Ao abordar o assunto, respondendo diretamente a Camila, o presidente fez a defesa da atuação da juíza, concentrando-se na questão do tempo de gestação que a criança já tinha quando sua mãe procurou um hospital para que ela pudesse realizar o abortamento legal:

“A criança de 11 anos estava já na sua 23ª semana. Qual é a omissão desses pais diante de 23 semanas de gestação, quando a medicina, a ciência que você brada todo o tempo, diz que no máximo com 20 semanas? A partir dali o aborto legal nem é mais permitido, porque é uma vida.”

(Parêntese: a legislação brasileira, que permite o aborto em caso de estupro, não fala em limite de tempo de gestação para realização do procedimento.)

Davi então é interrompido por Karla, que afirma que o pai é o estuprador. O presidente prossegue: “Estou falando de seis meses, quase seis meses, e daquilo que precisa ser feito”.

Nesse momento, Luiz Emanuel pede um aparte a Davi: “Eu fico me perguntando: qual é o maior trauma para essa criança?”

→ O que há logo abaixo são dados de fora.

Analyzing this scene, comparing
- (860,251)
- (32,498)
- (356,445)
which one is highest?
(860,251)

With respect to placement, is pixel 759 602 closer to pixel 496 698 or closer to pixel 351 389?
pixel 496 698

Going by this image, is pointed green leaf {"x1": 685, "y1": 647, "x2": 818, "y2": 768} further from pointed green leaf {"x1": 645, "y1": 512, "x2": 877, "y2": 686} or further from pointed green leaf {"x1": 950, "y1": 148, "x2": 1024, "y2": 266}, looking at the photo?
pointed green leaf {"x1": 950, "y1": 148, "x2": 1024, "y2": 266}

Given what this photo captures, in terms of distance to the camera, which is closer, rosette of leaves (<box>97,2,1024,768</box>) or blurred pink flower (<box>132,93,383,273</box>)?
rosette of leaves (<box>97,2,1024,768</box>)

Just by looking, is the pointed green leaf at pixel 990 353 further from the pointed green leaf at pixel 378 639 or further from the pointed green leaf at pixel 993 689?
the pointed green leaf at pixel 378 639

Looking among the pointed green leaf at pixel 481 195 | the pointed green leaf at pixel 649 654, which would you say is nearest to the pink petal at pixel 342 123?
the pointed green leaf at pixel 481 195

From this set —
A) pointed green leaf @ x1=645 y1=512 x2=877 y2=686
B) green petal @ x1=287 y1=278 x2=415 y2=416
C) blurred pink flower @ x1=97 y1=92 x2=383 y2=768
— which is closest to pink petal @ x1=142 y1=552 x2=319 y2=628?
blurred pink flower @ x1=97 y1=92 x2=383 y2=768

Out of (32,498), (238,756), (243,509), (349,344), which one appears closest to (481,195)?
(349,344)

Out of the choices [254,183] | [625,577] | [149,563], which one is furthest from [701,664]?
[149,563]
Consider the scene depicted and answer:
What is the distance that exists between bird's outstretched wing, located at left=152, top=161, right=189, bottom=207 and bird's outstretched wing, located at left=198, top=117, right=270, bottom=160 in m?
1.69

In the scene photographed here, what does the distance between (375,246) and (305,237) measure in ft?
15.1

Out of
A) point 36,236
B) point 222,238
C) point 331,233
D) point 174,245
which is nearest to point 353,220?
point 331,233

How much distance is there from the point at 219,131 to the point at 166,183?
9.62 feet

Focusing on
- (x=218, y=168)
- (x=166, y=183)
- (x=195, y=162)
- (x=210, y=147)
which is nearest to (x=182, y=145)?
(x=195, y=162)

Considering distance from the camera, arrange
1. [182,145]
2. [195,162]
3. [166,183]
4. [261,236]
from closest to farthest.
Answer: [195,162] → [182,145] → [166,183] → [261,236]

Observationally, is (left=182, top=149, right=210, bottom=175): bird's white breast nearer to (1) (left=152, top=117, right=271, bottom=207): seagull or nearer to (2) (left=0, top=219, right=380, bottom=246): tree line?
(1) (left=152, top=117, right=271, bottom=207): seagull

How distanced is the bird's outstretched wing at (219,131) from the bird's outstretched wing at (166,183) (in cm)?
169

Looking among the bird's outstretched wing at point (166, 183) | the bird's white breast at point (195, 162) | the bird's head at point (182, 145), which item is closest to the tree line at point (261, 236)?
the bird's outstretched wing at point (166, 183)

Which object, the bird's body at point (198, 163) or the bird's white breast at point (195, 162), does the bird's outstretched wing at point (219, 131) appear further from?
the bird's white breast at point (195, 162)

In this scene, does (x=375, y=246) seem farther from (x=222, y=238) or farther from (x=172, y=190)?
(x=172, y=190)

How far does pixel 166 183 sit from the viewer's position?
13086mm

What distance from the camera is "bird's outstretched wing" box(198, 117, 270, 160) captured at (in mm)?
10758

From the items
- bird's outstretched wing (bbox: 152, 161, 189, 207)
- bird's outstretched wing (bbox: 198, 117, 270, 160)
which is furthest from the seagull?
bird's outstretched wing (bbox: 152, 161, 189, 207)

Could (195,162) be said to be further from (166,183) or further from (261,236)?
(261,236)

Do seu lugar, falando fora do microfone e de modo inaudível na transmissão da sessão, Karla lhe responde. É possível deduzir que a petista se antecipa em dizer que o maior trauma é o de ter sido estuprada. Luiz Emanuel rebate:

“Isso é o que vocês pensam. O trauma do estupro eu não estou discutindo. Eu estou discutindo depois. Mas o trauma de ter retirado um filho, que ela vai ter que conviver com isso. Eu quero saber quem é que vai cuidar disso: é o Estado que vai cuidar agora da emoção dessa criança? É o Estado do PT e do Psol?”

Karla retruca:

“Sim, porque a menina disse que não quer a criança, gente! É porque vocês não são mulheres, porque vocês não têm noção do que é ter um filho…”

Ela, então, é cortada ao mesmo tempo por Davi e por Luiz Emanuel. O clima esquenta ainda mais. O presidente replica: “E você não é o bebê, pra abrir tua boca e falar em defesa daquele que não tem voz! Não tem voz!”

Ao mesmo tempo, Luiz Emanuel diz à petista:

“Deixa de conversa fiada, vereadora! Quem não tem noção aqui é você. Você não tem 60 anos, como eu tenho, pra dizer isso. Quem é você, vereadora? A vida pra você não serve pra nada. Conversa fiada!”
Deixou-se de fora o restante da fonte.